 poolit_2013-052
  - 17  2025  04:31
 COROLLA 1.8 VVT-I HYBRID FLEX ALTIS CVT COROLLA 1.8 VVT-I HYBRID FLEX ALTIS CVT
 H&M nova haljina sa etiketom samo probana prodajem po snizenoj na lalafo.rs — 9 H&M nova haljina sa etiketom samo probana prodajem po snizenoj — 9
----
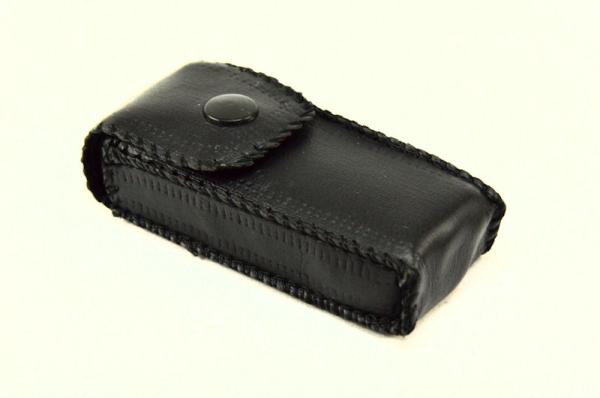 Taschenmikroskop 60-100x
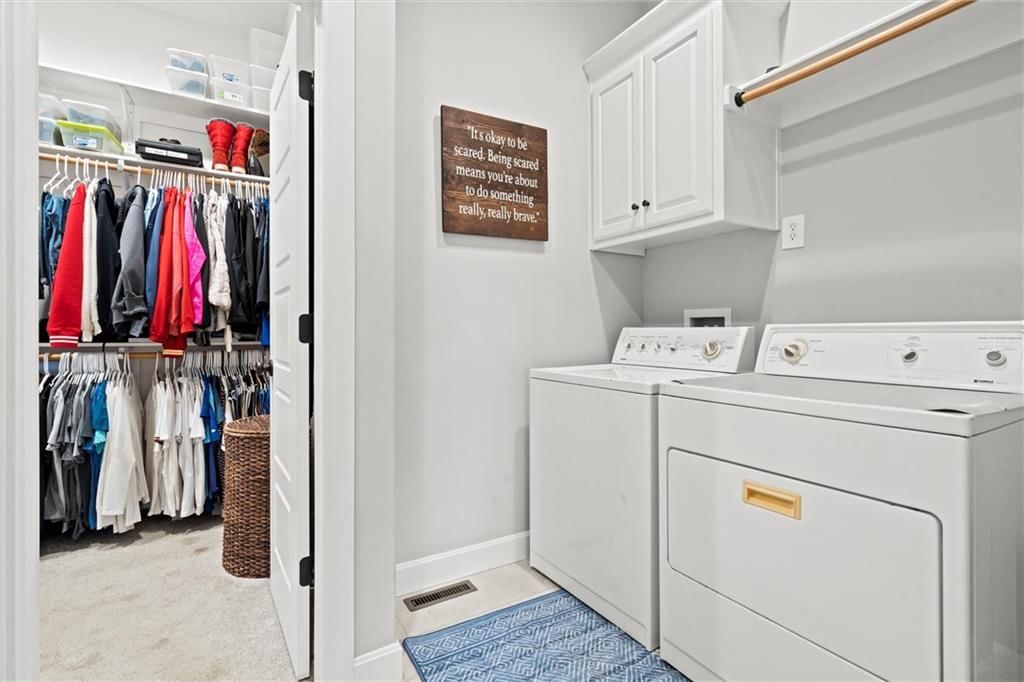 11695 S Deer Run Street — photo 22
----
Task requirements:
Starting at the line that contains "poolit_2013-052" and stopping after the line that contains "snizenoj — 9", write out every line exactly as it appears above, and no other line.

Exercise output:
 poolit_2013-052
  - 17  2025  04:31
 COROLLA 1.8 VVT-I HYBRID FLEX ALTIS CVT COROLLA 1.8 VVT-I HYBRID FLEX ALTIS CVT
 H&M nova haljina sa etiketom samo probana prodajem po snizenoj na lalafo.rs — 9 H&M nova haljina sa etiketom samo probana prodajem po snizenoj — 9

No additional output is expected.